[[ DATA TO PROCESS open ]]

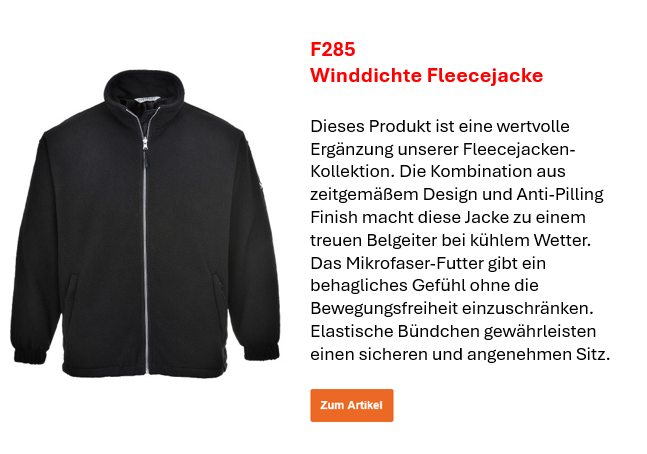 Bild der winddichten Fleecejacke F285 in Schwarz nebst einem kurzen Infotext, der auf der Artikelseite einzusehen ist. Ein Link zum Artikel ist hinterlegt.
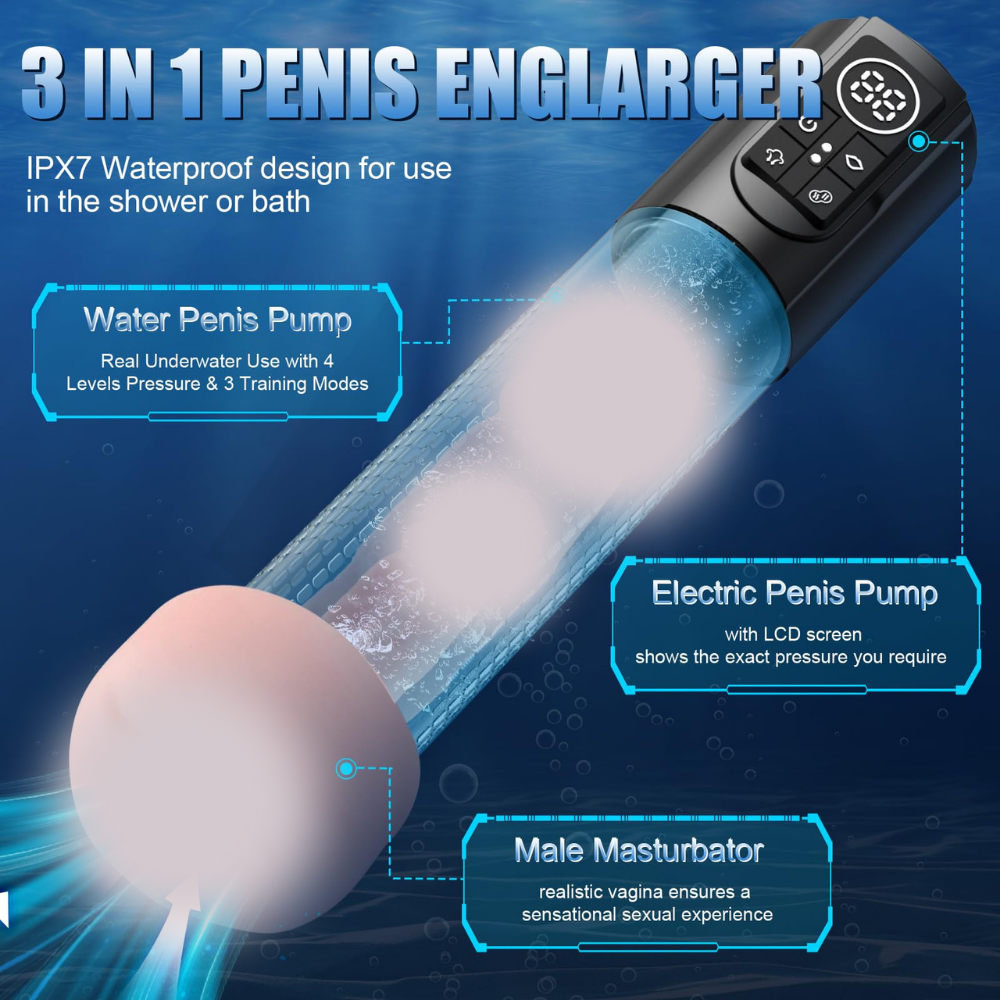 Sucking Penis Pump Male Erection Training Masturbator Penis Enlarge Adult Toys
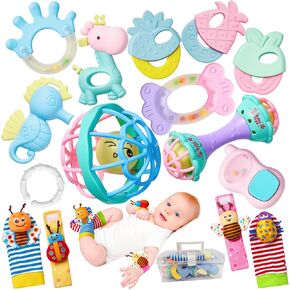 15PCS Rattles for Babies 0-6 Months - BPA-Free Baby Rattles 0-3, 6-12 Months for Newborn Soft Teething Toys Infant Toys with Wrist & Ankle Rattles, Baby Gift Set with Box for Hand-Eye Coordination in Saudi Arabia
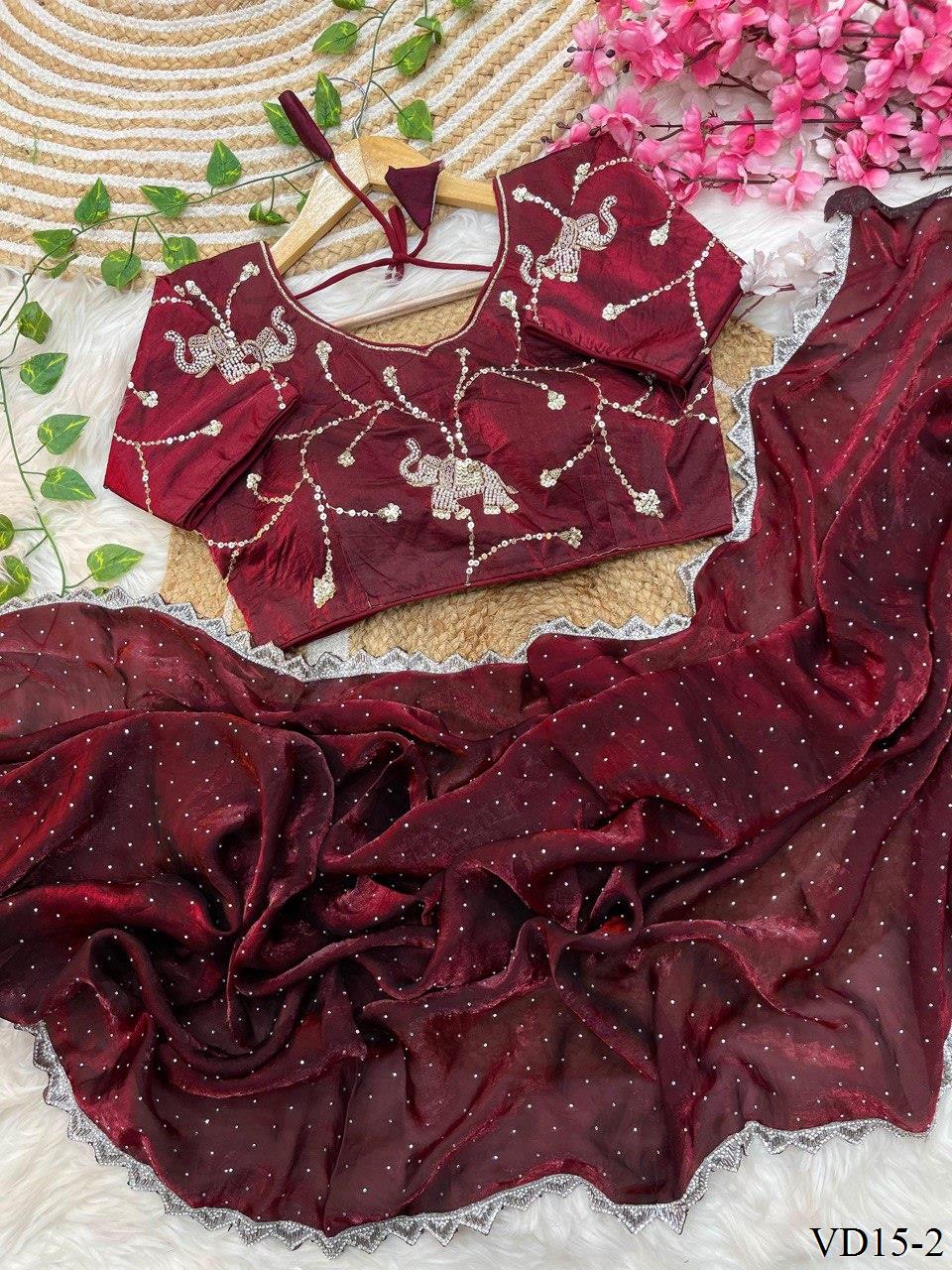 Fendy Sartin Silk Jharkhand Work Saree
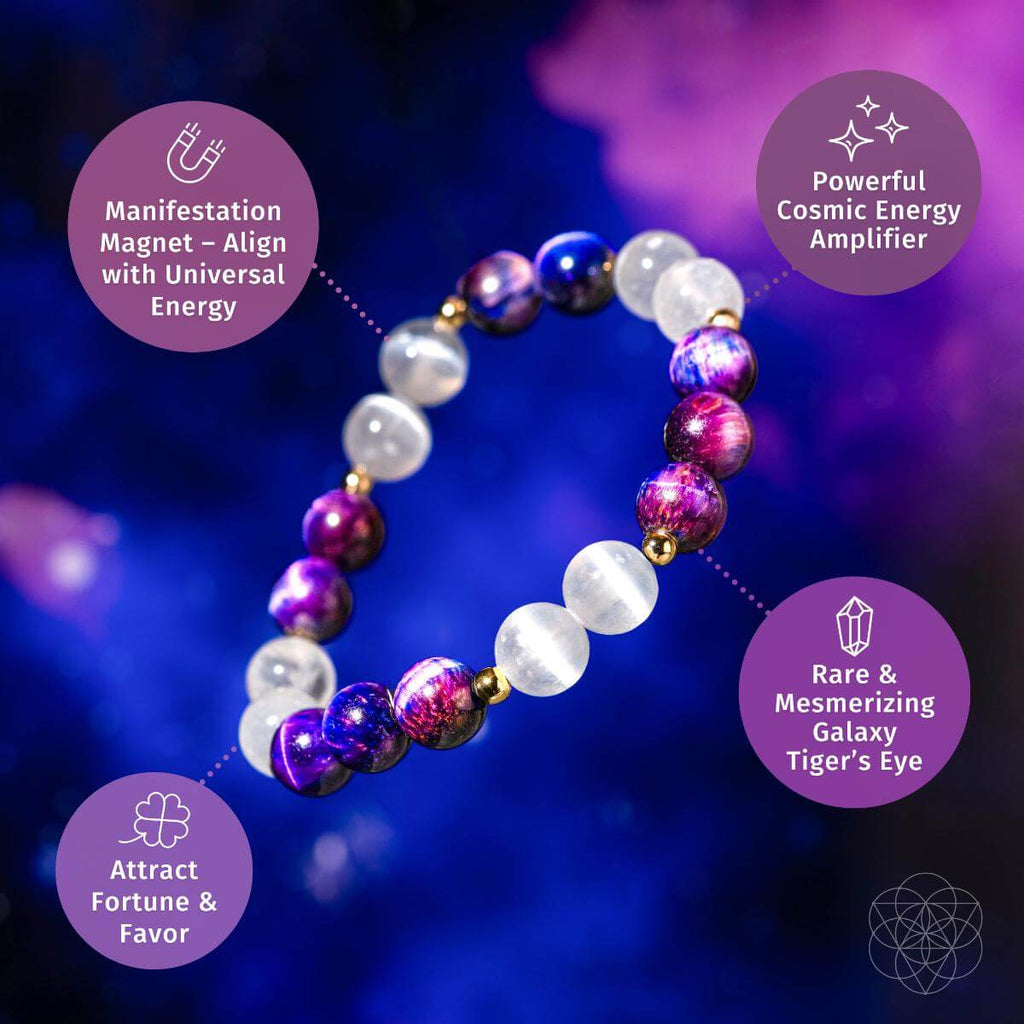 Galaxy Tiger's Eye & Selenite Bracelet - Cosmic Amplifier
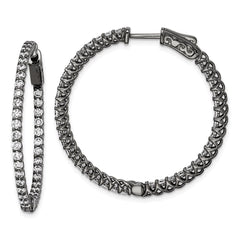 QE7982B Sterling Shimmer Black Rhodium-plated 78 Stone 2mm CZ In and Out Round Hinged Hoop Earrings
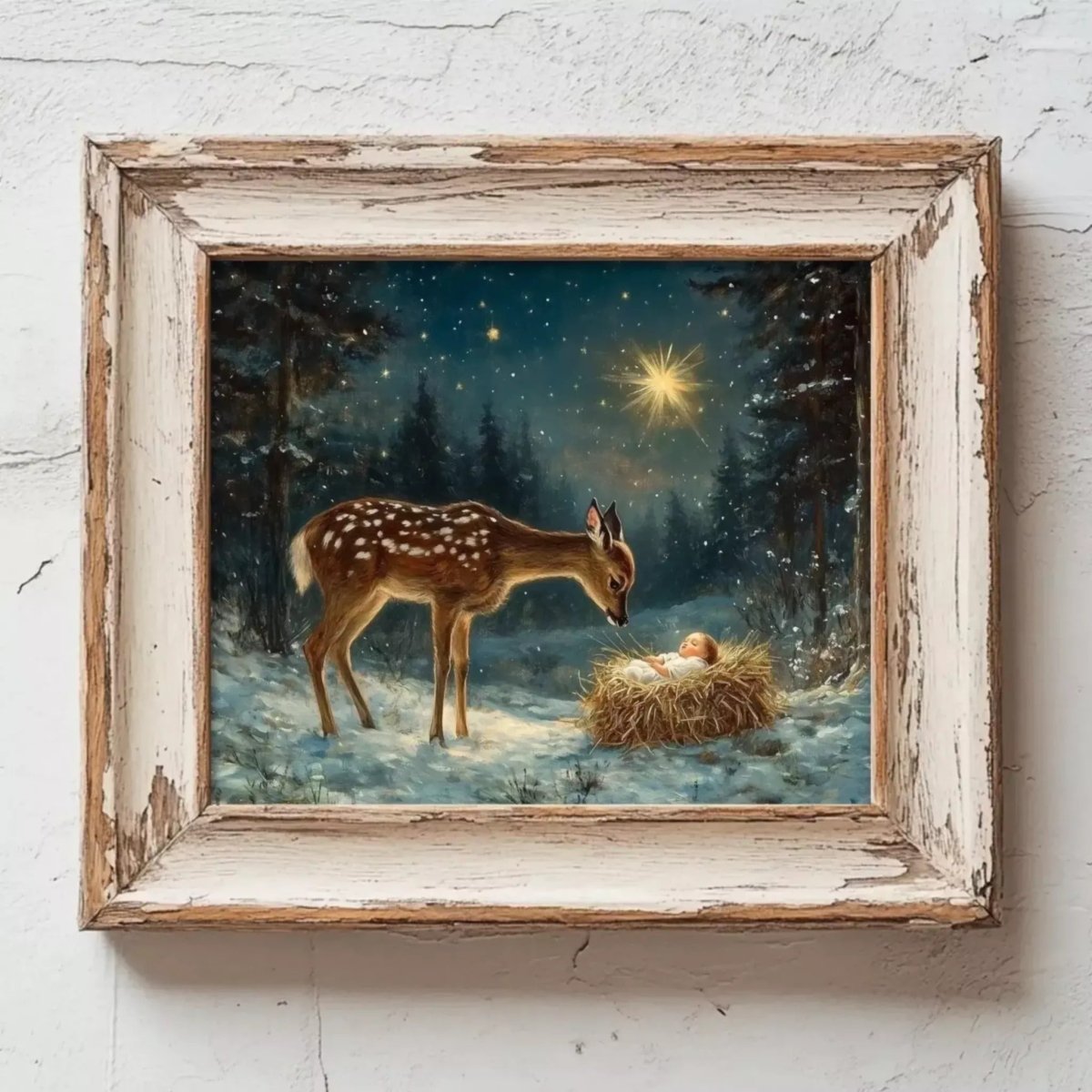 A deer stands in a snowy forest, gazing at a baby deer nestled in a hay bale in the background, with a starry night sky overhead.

[[ DATA TO PROCESS closed ]]

- _TASK DETAILS_: Your reply should contain only an exact copy of the lines from the beginning of the material through the line with "Sucking Penis Pump", both ends included, with the pictures removed.

- _THE COMPLETED TASK_:
 Bild der winddichten Fleecejacke F285 in Schwarz nebst einem kurzen Infotext, der auf der Artikelseite einzusehen ist. Ein Link zum Artikel ist hinterlegt.
 Sucking Penis Pump Male Erection Training Masturbator Penis Enlarge Adult Toys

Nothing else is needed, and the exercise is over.